There will be deals. Or will there?
Shares of oil-and-gas explorer Apache Corp. jumped by more than 10% Monday afternoon following a report by Bloomberg News of a takeover approach by an unidentified suitor. This added that the company had hired advisers to mount a defense strategy.
If so, the possible suitor isn’t all hat and no cattle. Based on available firepower, a large, integrated energy company would make most sense.
Still, the fact that none of Apache’s peers saw anything more than a brief price boost Monday morning suggests two things: that the bargains on offer among North American oil and gas producers aren’t quite compelling enough to kick off a round of consolidation and that the list of buyers is short.
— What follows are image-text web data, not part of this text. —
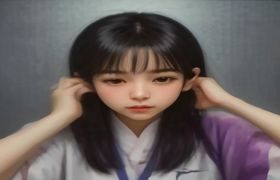 北川美绪2026年度精选合集封面，精致制作，汇集历年最佳场景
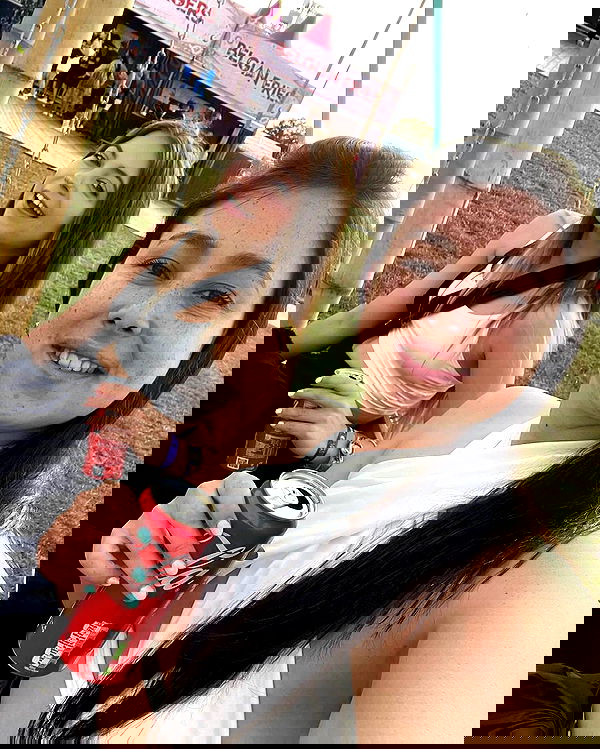 lissi77 lissi77 archive image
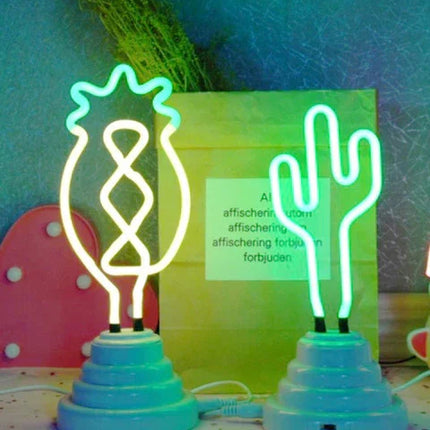 c66b7bac4981aa7f2cbe9ac16430 - Inanna Emporium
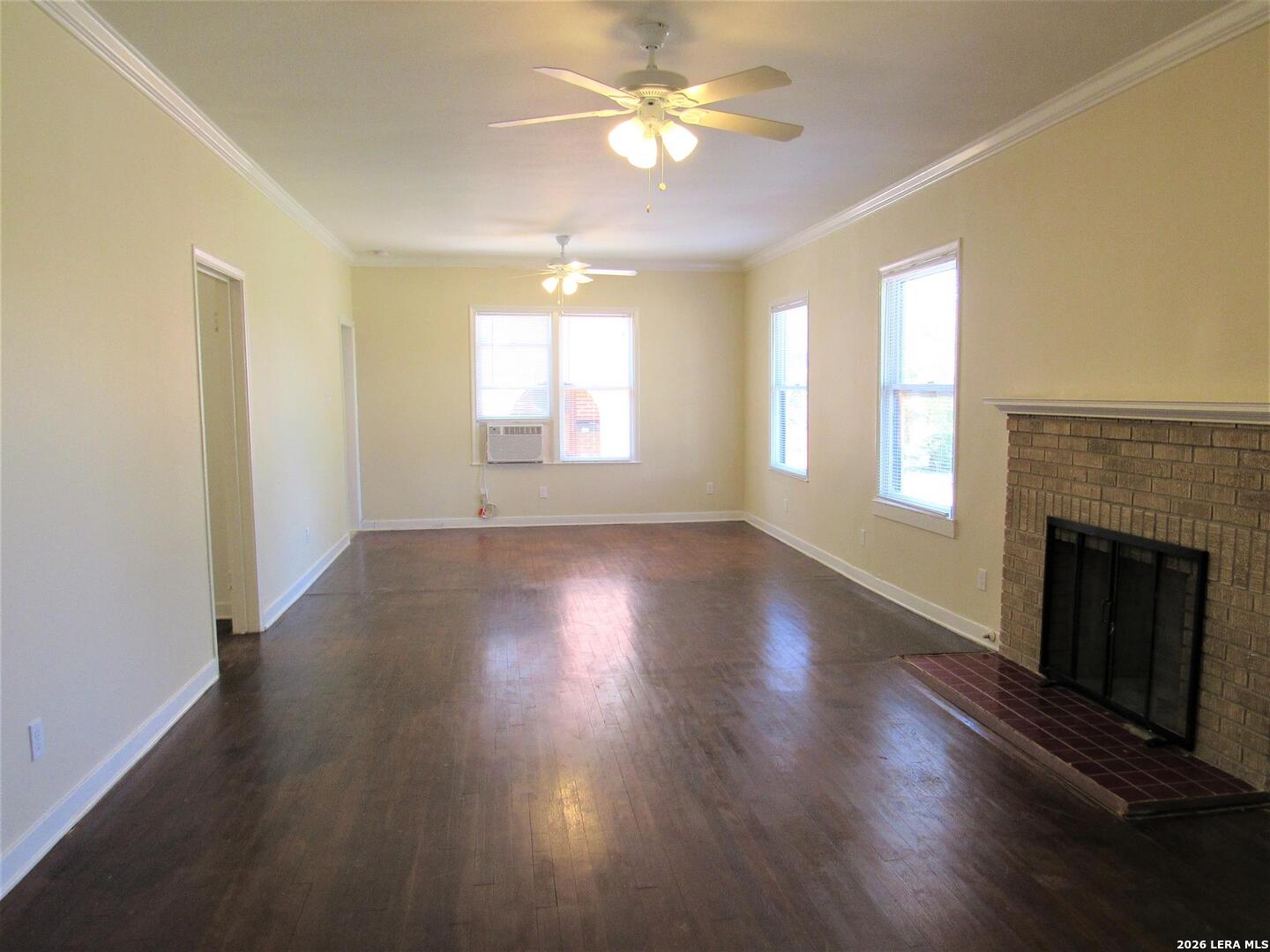 454 Bailey San Antonio TX 78210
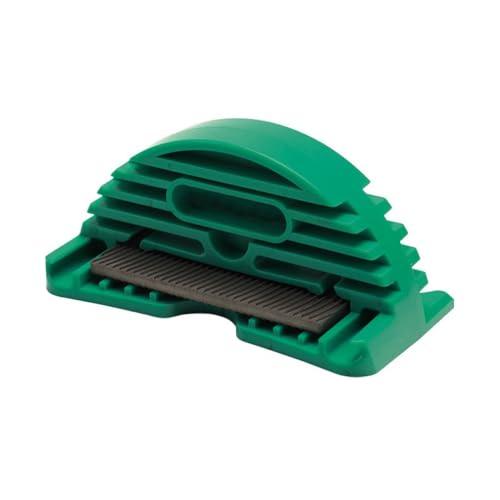 ガリウム(GALLIUM) スクレーパーシャープナー TU0202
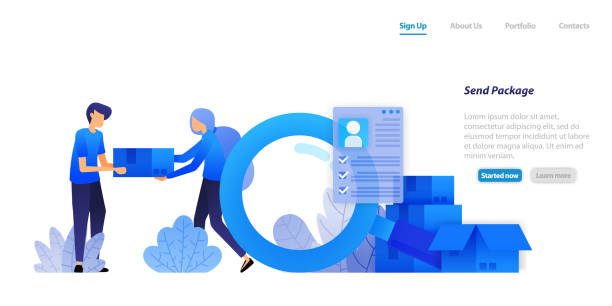 Targetfast.org login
For what it is worth, shares of Exxon Mobil were the weakest among its peer group midday Monday. And it has made some small acquisitions in the Permian Basin of Texas where Apache has the lion’s share of its production.
Given that company’s massive size, small deals don’t do much to move the needle. BP is another supermajor with the balance-sheet strength to do a deal easily. But an acquisition in the range of $30 billion in market value plus debt is within the realm of possibility for any of the supermajors—particularly if there is a big equity component.
The industry has been cautious up to this point amid a rout in crude prices. A deal for Apache at the current price would be eight times as large as the next-largest transaction in the U.S. exploration-and-production sector this year.
At current oil prices, though, adding a barrel of oil to reserves through the checkbook rather than the drill bit is becoming more attractive.
The enterprise value of a basket of large U.S. exploration-and-production companies tracked by Wolfe Research was equal to just under $4 a barrel of proven and probable hydrocarbon reserves. That is around half the recent peak for that measure.
Apache is about average on that measure, though the range of multiples is wide. Those vary in part based on the percentage comprised of petroleum or similar liquids versus natural gas. Nearly two-thirds of Apache’s proved reserves are liquids and realized prices per barrel of oil equivalent remain two to three times as high as that of natural gas even after the recent rout in crude prices.
With no end in sight to today’s oil-and-gas glut, it might be early for a big deal in the oil patch. But there are risks in waiting, too. As legendary oil man Jean Paul Getty supposedly said: “The meek shall inherit the earth, but not its mineral rights.”